*** Opening WORKING DATA ***

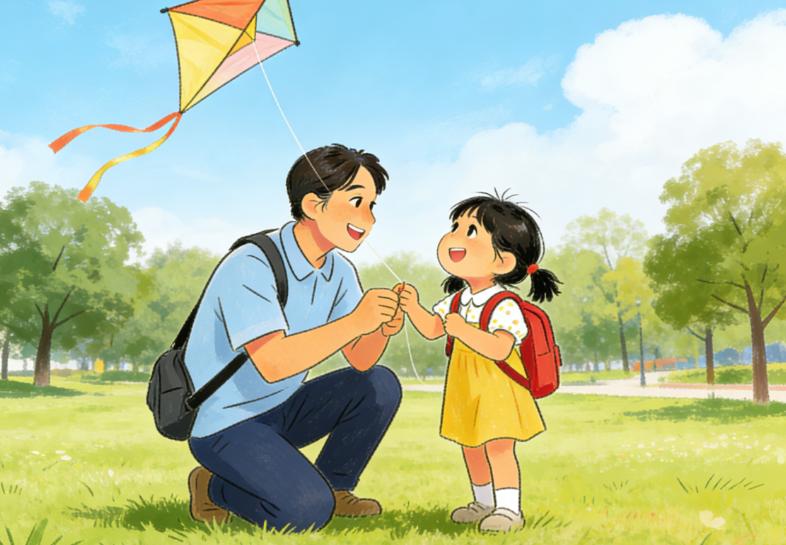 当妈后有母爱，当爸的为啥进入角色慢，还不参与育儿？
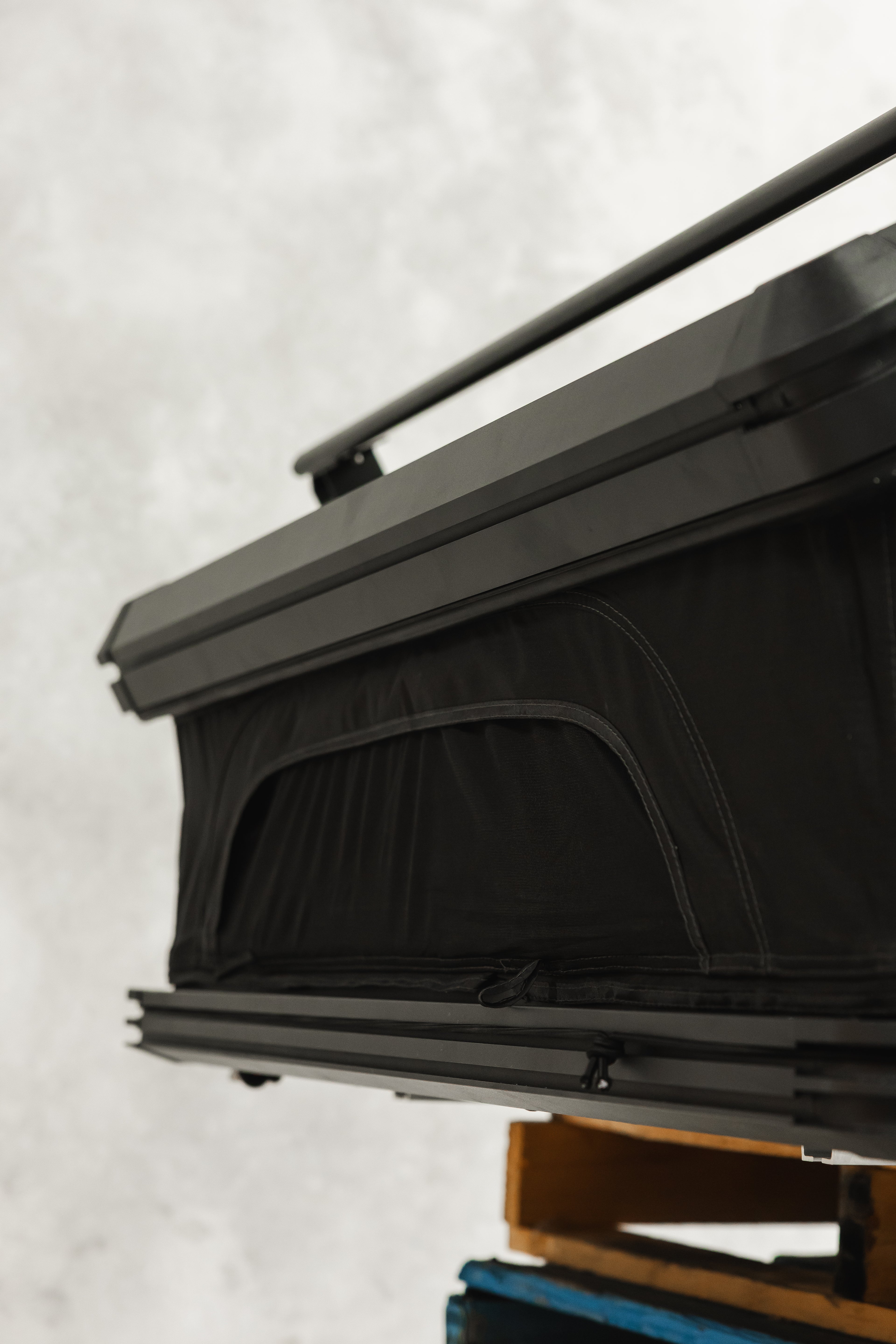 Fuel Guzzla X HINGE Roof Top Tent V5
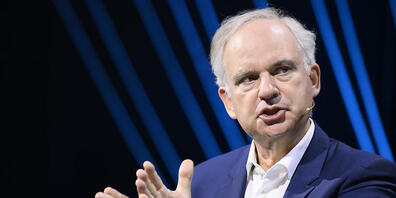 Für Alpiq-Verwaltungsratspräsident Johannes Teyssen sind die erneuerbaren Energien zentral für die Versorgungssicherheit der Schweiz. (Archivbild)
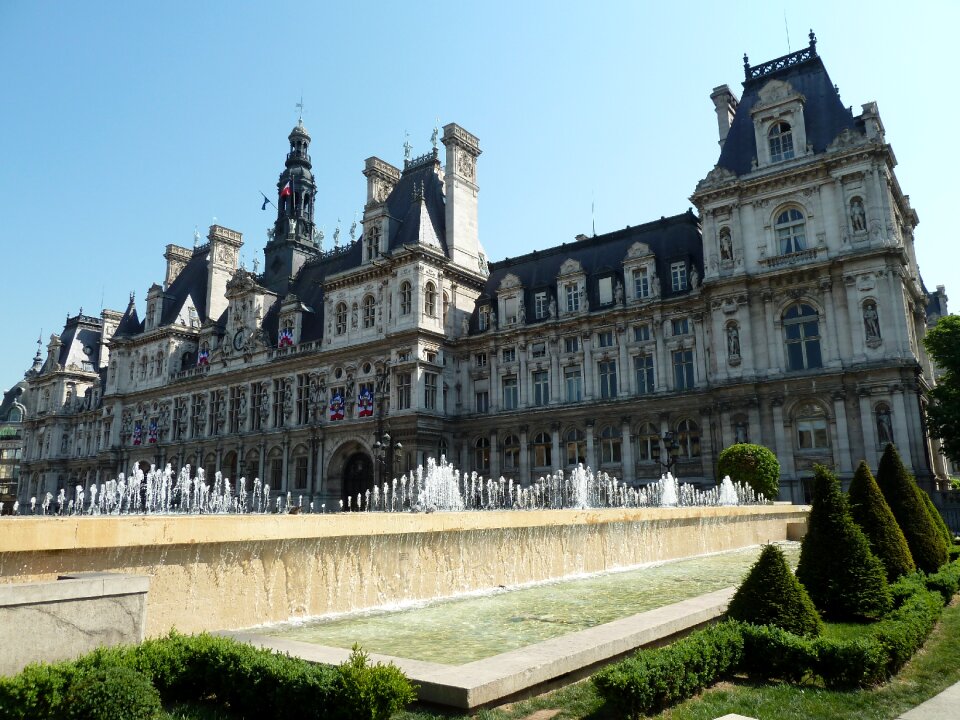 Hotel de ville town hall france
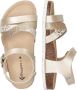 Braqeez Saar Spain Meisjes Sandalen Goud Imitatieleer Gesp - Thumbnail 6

*** Closing WORKING DATA ***
*** Opening WORKING DATA ***

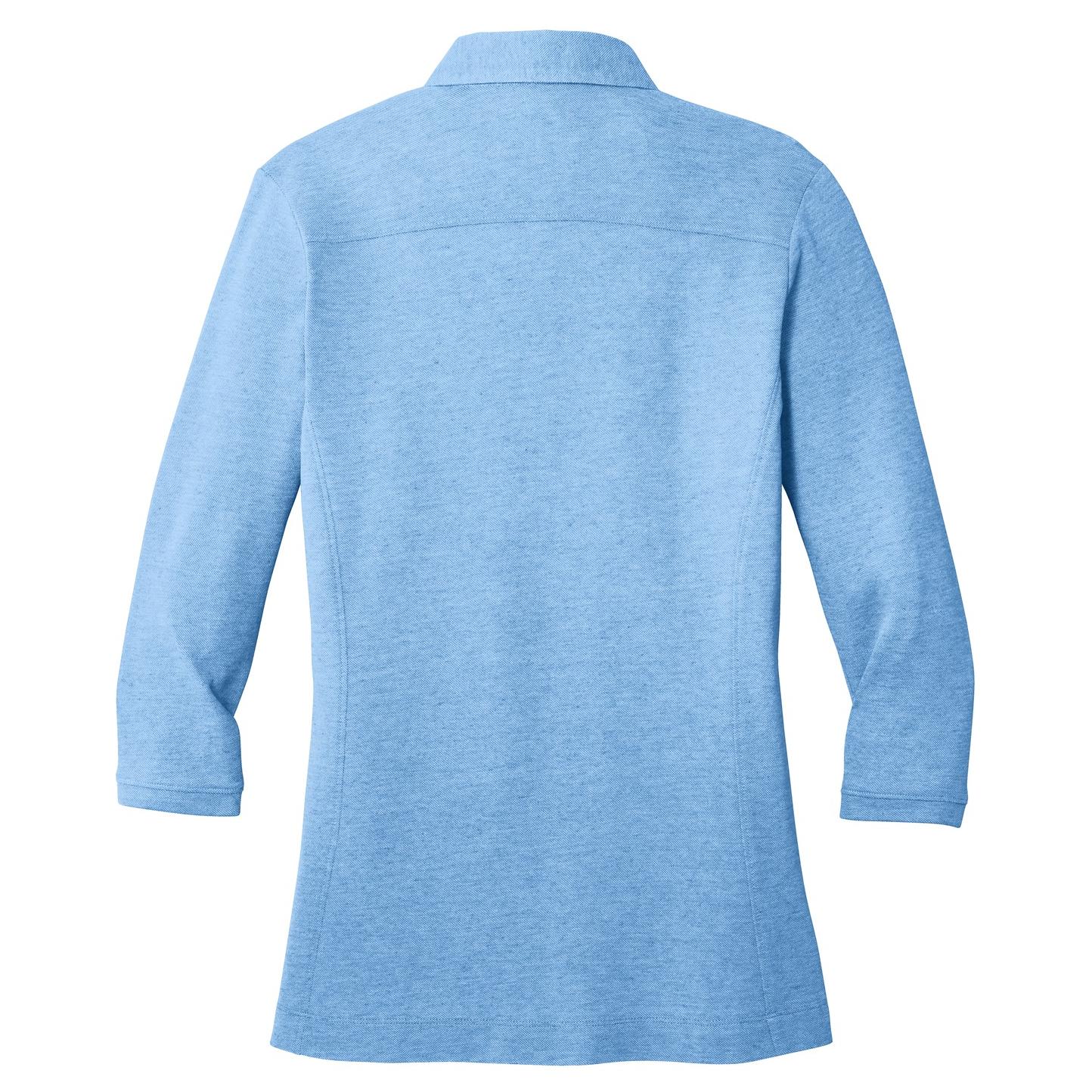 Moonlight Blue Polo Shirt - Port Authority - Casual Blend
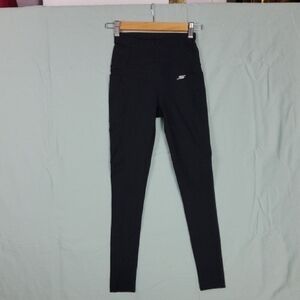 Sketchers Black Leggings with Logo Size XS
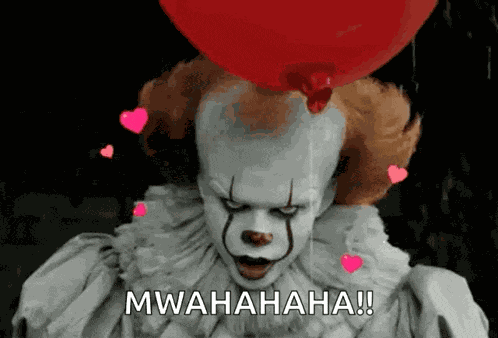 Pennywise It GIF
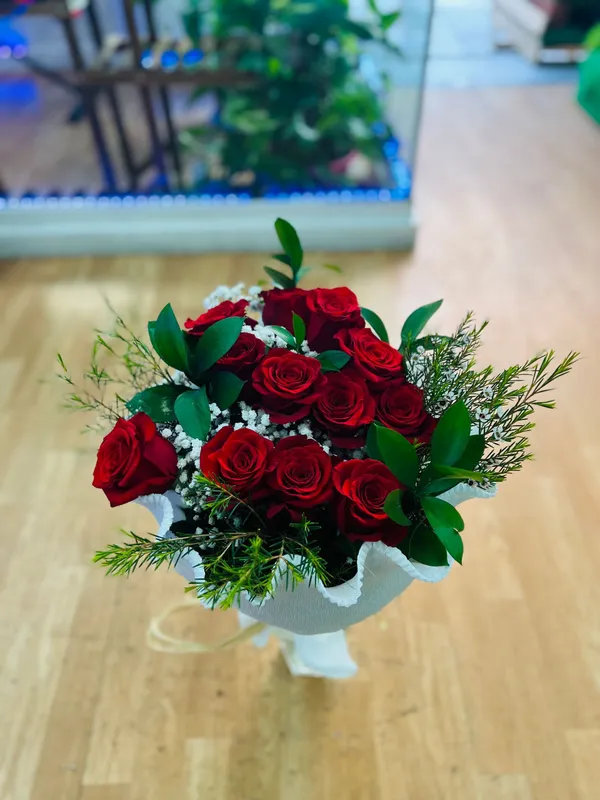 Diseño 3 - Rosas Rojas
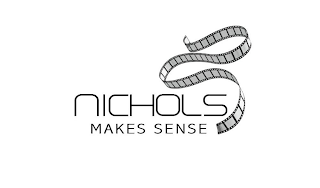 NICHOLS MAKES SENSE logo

*** Closing WORKING DATA ***

ASSIGNED TASK
Return exactly the stretch above whose first line contains "当妈后有母爱，当爸的为啥进入角色慢，还不参与育儿？" and whose last line contains "Hotel de ville town hall france", and nothing outside it. The pictures should not appear.

TASK RESULT
 当妈后有母爱，当爸的为啥进入角色慢，还不参与育儿？
 Fuel Guzzla X HINGE Roof Top Tent V5
 Für Alpiq-Verwaltungsratspräsident Johannes Teyssen sind die erneuerbaren Energien zentral für die Versorgungssicherheit der Schweiz. (Archivbild)
 Hotel de ville town hall france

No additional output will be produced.